Have you ever wondered how much radioactive waste exists in different countries? Or if there are differences in how countries are planning to manage or dispose of it?
These are some of the things I discussed at a recent meeting of technical experts in radioactive waste and spent fuel management at the International Atomic Energy Association (IAEA).
Engaging with the IAEA and member countries
One of the most fascinating parts of my role as the National Waste Inventory Manager is engaging with international peers in the field of radioactive waste and spent fuel management and sharing best practice.
In July, I gathered with 25 technical experts from other member countries such as Canada, France, United States and Spain to discuss the current status of radioactive waste and spent fuel inventory management at the IAEA’s Technical Meeting on Status and Trends in Spent Fuel and Radioactive Waste Management. One of the things we discussed was the update to the UK’s national radioactive waste and materials inventory being undertaken now.
The UK is a member state of the IAEA, and one of our obligations is to submit information on the inventory of our radioactive waste and spent fuel and on the progress of waste management programmes. One IAEA initiative has been the development of a summary ‘Status and Trends’ report to describe:
- A global overview of radioactive waste and spent fuel inventories
- A summary of individual countries’ approaches to waste management
- A summary of global trends and challenges in radioactive waste and spent fuel management
In 2018, the first ‘Status and Trends’ report was published and the UK is currently inputting into an updated report.
Levels of radioactive waste
The UK is just one of a large number of countries managing radioactive waste and spent fuel, representing a very small fraction of the global total. One of the trends in the latest Status and Trends report was that a significant proportion of global Low Level Waste (LLW) has already been disposed of to date (see Fig 3). This is similar to the UK where a lot of progress has been made in consigning LLW to designated disposal facilities such as the Low Level Waste Repository.
The IAEA report summarised figures of solid radioactive waste and spent fuel in storage globally:
|370,793 tHM||Spent fuel|
The majority of global waste is of low radioactivity. The same is true in the UK, where over 90% of all waste is of low radioactivity.
Global trends and challenges
The meeting provided a chance for member countries to share information on their waste and spent fuel inventories and management strategies. During the sessions, some interesting observations were highlighted:
- A large proportion of LLW has already been disposed of globally
- There is a global challenge to establish long term disposal options for ILW, HLW and spent nuclear fuel
- There is a decline in spent fuel management by reprocessing, most notably due to the UK’s plans to cease reprocessing in 2020
- There is increasing focus on the non-radiological properties of radioactive waste
- There is recognition of the benefits of integrated approaches to waste management
- Around 70% of global spent fuel is currently stored in pools, however there is increasing focus on dry fuel storage
It was especially interesting to hear that the challenges faced by the UK are similarly faced with other countries. The status and trends discussed at the meeting will be summarised in an upcoming second iteration summary ‘Status and Trends’ report to be published by the IAEA.

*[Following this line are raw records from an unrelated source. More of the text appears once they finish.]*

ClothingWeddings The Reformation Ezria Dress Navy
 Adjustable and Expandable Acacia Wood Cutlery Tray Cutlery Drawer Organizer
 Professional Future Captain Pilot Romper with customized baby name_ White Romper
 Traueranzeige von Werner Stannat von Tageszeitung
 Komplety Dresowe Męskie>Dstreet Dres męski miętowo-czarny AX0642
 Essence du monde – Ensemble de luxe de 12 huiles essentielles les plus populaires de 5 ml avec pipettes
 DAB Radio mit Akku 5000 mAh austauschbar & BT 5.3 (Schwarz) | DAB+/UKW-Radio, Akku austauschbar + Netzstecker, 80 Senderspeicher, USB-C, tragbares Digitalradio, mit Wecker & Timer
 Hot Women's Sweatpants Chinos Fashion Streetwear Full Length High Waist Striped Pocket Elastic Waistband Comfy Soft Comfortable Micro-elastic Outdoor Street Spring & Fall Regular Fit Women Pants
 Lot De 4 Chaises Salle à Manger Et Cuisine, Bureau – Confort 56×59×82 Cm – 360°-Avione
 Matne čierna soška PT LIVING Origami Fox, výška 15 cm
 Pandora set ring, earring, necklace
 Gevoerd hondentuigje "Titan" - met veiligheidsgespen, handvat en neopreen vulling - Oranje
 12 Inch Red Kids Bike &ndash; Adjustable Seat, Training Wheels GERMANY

The UK’s next national radioactive waste inventory update
The NDA, on behalf of UK government, is currently preparing an update to the national inventory of radioactive waste and materials. This will detail the radioactive waste and spent fuel being safely stored in the UK at the stock date of 1 of April 2019 and forecast waste arising over the next 100 years. The previous inventory publications can be found on the NDA’s Radioactive Waste Inventory website.
The update to the UK national inventory will be reported to the IAEA following its publication. It will also be used to meet additional international reporting requirements and provide information to inform policy and strategy development and aid radioactive waste and spent fuel management.